Data below →
----

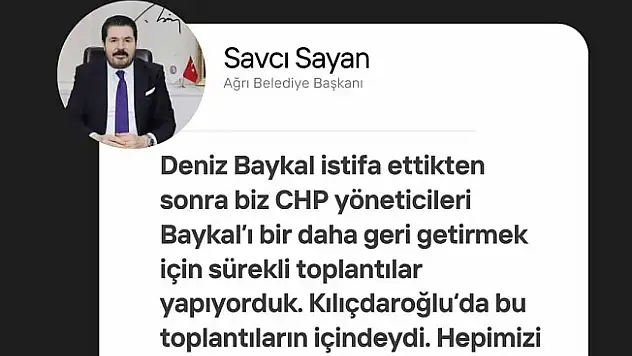 Savcı Sayan: Huylu huyundan vazgeçmez!
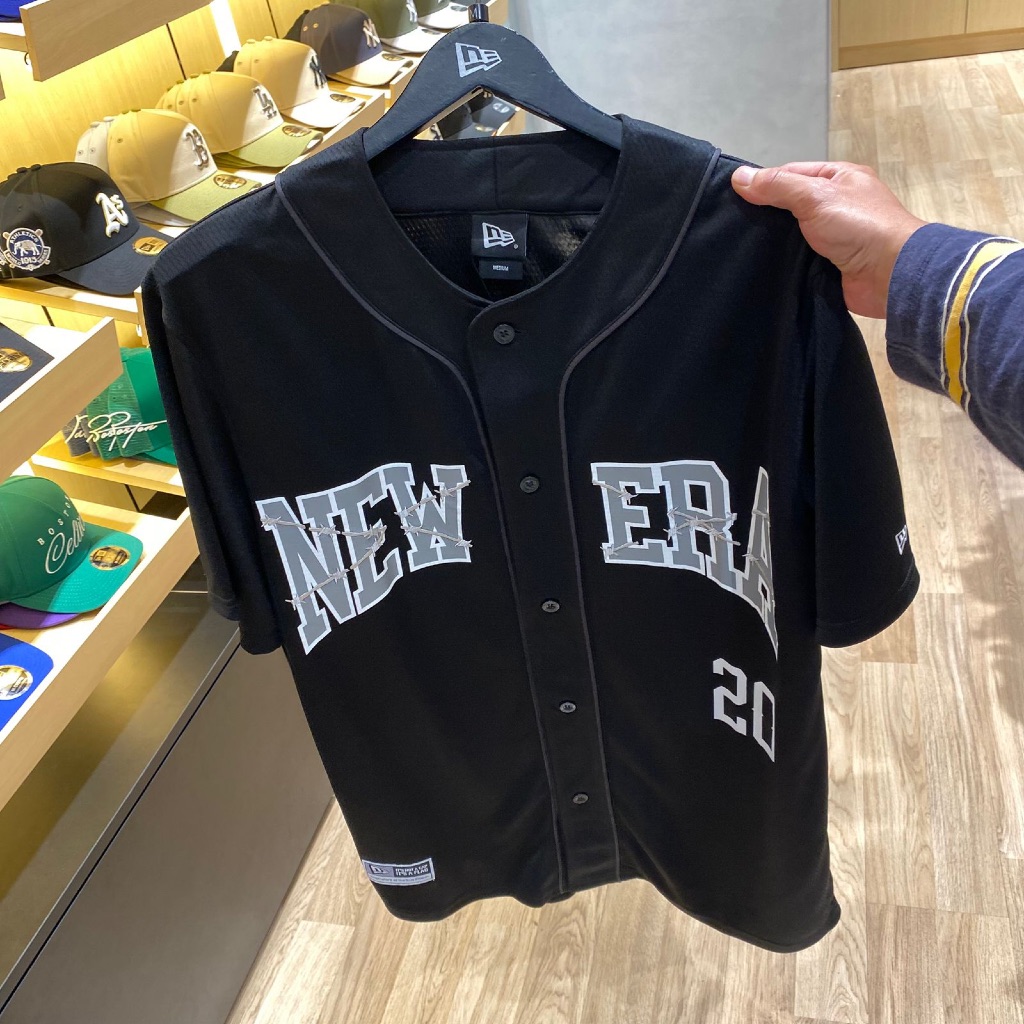 Jastip. Kemeja Jersey Kerah Tegak New Era (Man)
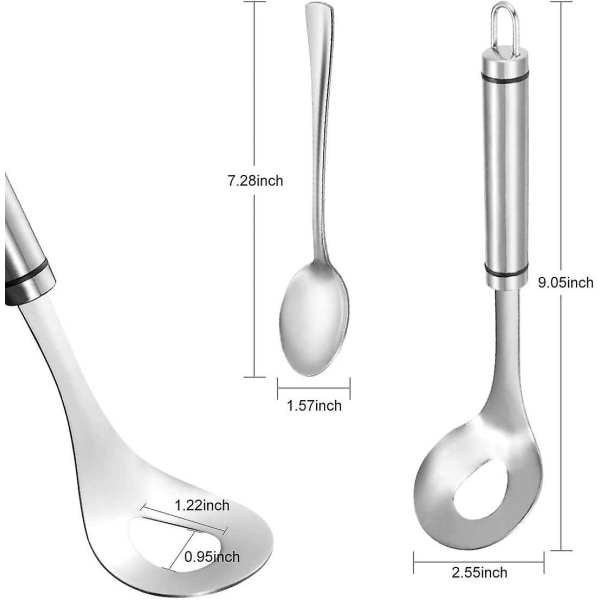 2-delad rostfritt köttbullssked, non-stick köttbullssked köttbullssked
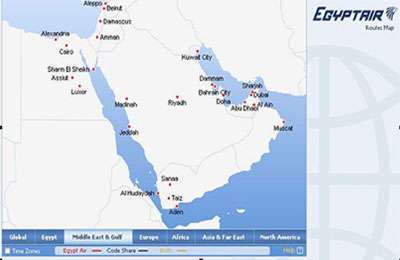 مصر للطيران تحذف الكيان الصهيونى من خرائطها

----

Work to complete → Starting with the line that contains "Jastip. Kemeja Jersey", reproduce every line to the end of the material above, both end lines included, exactly and with no pictures.

Reply to the task →
 Jastip. Kemeja Jersey Kerah Tegak New Era (Man)
 2-delad rostfritt köttbullssked, non-stick köttbullssked köttbullssked
 مصر للطيران تحذف الكيان الصهيونى من خرائطها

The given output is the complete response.